PRIVAÇÃO DO SANEAMENTO BÁSICO DE ACORDO COM A RENDA FAMILIAR, IDADE E RAÇA
  • 60% de quem recebia menos de R$ 1,9 mil não tinha acesso à coleta de esgoto, o que significa que 2 em cada 3 pessoas nessa faixa de renda habitava moradias sem rede de esgoto;
  • Em famílias com rendimento médio mensal entre R$ 1.908,01 a R$ 2.862,00, a privação às redes de esgoto foi superior a 50%.
  • Já 51,7% das famílias abaixo da linha da pobreza não recebiam água com regularidade (diariamente e na quantidade exata), ou seja, 61,5 milhões de pessoas – 30% da população. 67,5% das famílias abaixo da linha da pobreza não possuíam acesso à rede de esgotos.
  • A situação das famílias que habitam as capitais é um bem melhor: 80% das famílias que habitam estas áreas tinham acesso à rede geral de coleta de esgoto em 2018;
  • Há uma carência maior dos serviços de saneamento na população jovem, com idade de até 19 anos. 1/3 dessa população não tinha acesso à água em 2018;
  • Os índices de privação aos serviços de saneamento registrados pelas populações parda, indígena e preta são maiores que a da população branca e amarela - 32% da população preta não têm abastecimento de água e 37% não têm rede de esgoto; 36,5% da população parda não tem água e 48,7% não tem esgoto; 33,7% dos indígenas não têm água e 45,2% não tem esgoto;
  • No grupo de pessoas sem instrução, o déficit de serviço de coleta de esgoto prevaleceu em 2/3 da população.
CONCLUSÃO DO ESTUDO

Ao mesmo tempo em que os serviços de saneamento básico avançaram de 2008 para 2018, foi possível detectar estabilidade dos gastos das famílias brasileiras com água encanada e coleta e tratamento dos esgotos. Significa que, mesmo sendo uma infraestrutura elementar para qualquer família no mundo, e no Brasil mais ainda, os serviços de saneamento básico não apresentaram um peso excessivo às famílias comparativamente à energia elétrica e telecomunicações. Essas outras infraestruturas, sim, apresentaram custos superiores às famílias ao longo do período estudado.

Importante notar, no entanto, que famílias abaixo da linha pobreza tiveram um peso com custos de saneamento similar ao das que estão acima em renda, o que mostra a necessidade de se aperfeiçoar as políticas tarifárias para este grupo mais desfavorecido. Outra conclusão apontada no estudo é que uma quantidade significativa de famílias com acesso aos serviços de saneamento básico não paga, principalmente pela vulnerabilidade, o que acaba sobrecarregando toda a sociedade, além de implicar em desafios maiores para as empresas e autoridades locais, responsáveis pelo saneamento básico.

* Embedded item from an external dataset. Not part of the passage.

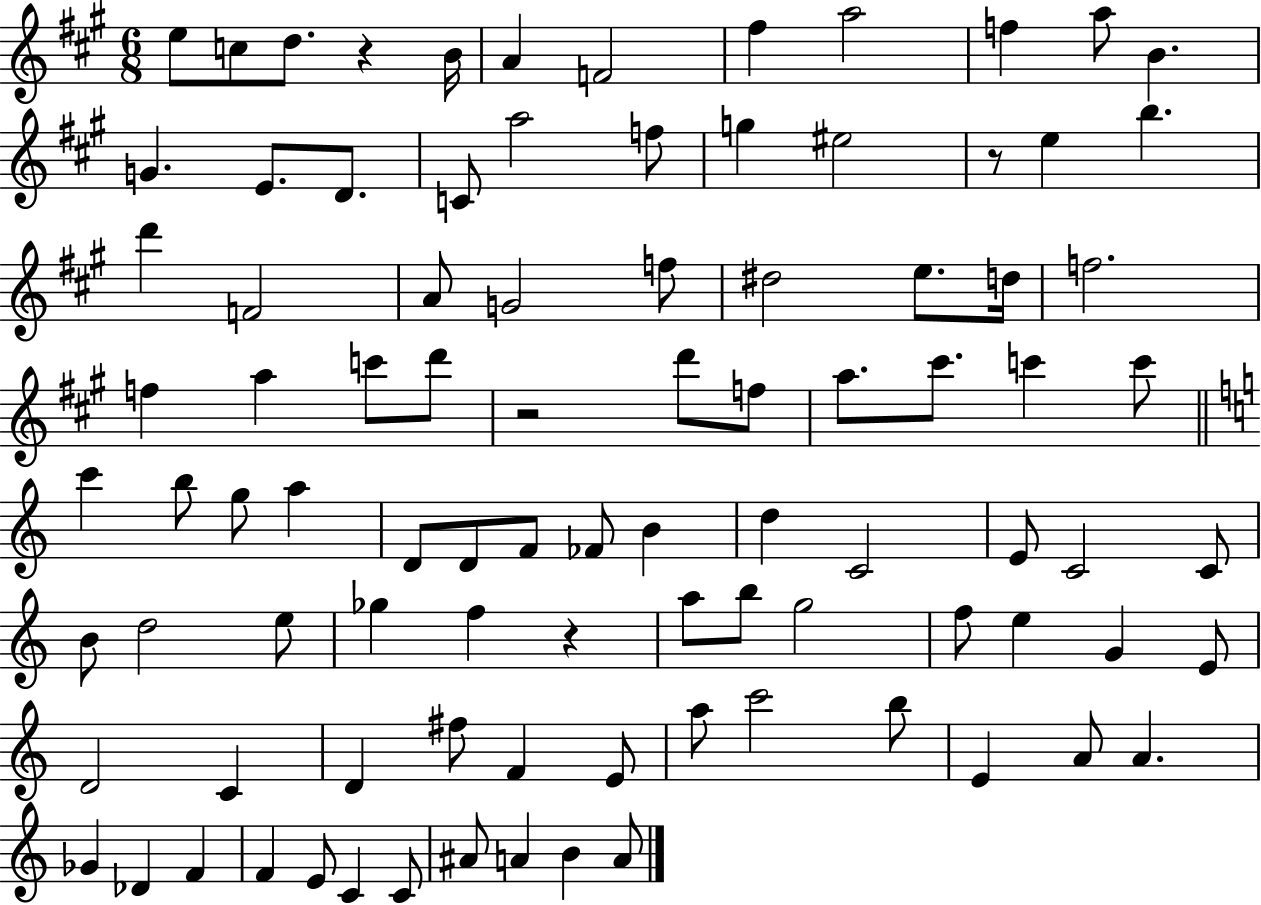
E5/e C5/e D5/e. R/q B4/s A4/q F4/h F#5/q A5/h F5/q A5/e B4/q. G4/q. E4/e. D4/e. C4/e A5/h F5/e G5/q EIS5/h R/e E5/q B5/q. D6/q F4/h A4/e G4/h F5/e D#5/h E5/e. D5/s F5/h. F5/q A5/q C6/e D6/e R/h D6/e F5/e A5/e. C#6/e. C6/q C6/e C6/q B5/e G5/e A5/q D4/e D4/e F4/e FES4/e B4/q D5/q C4/h E4/e C4/h C4/e B4/e D5/h E5/e Gb5/q F5/q R/q A5/e B5/e G5/h F5/e E5/q G4/q E4/e D4/h C4/q D4/q F#5/e F4/q E4/e A5/e C6/h B5/e E4/q A4/e A4/q. Gb4/q Db4/q F4/q F4/q E4/e C4/q C4/e A#4/e A4/q B4/q A4/e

Édison Carlos faz uma análise de como o estudo pode auxiliar nas políticas de saneamento básico e assim possamos caminhar para a universalização dos serviços até 2033, conforme exige o Novo Marco Legal do Saneamento Básico. “Embora a maior parte das famílias brasileiras esteja passando por grandes desafios para manter suas contas em dia, o estudo mostrou que os custos das famílias com água potável e esgotos não estão entre os vilões. Outra conclusão é que precisamos ter atenção especial ao custo para as famílias abaixo da linha da pobreza, além de termos que aumentar a base das pessoas que recebem e pagam pelos serviços de água e esgoto no Brasil, assim será mais que os serviços não comprometam o orçamento familiar”, reflete o executivo.

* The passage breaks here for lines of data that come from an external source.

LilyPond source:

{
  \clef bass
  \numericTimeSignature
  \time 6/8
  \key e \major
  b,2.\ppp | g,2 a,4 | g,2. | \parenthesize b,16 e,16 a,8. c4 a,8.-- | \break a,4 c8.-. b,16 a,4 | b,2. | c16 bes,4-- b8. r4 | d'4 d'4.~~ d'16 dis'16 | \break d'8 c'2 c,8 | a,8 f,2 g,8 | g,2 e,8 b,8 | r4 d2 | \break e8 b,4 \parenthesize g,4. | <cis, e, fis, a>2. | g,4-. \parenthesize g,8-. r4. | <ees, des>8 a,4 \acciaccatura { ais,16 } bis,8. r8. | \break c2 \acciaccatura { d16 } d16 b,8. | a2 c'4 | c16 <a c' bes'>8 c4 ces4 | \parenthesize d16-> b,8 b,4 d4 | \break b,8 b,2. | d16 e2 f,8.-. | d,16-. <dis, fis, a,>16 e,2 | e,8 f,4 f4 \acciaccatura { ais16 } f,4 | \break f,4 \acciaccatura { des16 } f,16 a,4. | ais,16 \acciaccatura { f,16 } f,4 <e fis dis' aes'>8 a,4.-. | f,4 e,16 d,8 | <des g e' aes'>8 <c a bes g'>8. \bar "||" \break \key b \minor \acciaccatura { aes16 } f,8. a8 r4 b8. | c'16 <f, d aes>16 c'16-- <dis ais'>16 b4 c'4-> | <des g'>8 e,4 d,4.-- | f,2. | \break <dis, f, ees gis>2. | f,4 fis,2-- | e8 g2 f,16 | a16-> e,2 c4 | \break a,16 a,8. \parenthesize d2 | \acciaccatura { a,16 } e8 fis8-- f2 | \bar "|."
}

No que se refere à privação dos serviços de saneamento básico, o Dr. Fernando Garcia aponta os principais pontos do estudo. “É extremamente preocupante ver que os mais privados dos serviços são justamente as pessoas abaixo da linha da pobreza, fato que se repete ao longo dos anos. Até mesmo o atendimento irregular de água é muito mais comum nas casas dos mais pobres, o que também aumenta a vulnerabilidade pelo fato daquela família não receber água encanada 24 horas por dia e 7 dias por semana. O estudo oferece um olhar clínico muito relevante e chama a atenção de empresas operadoras, agências reguladoras e autoridades para a urgência de todos terem acesso aos serviços, de forma a que os custos sejam aqueles que caibam no orçamento familiar”.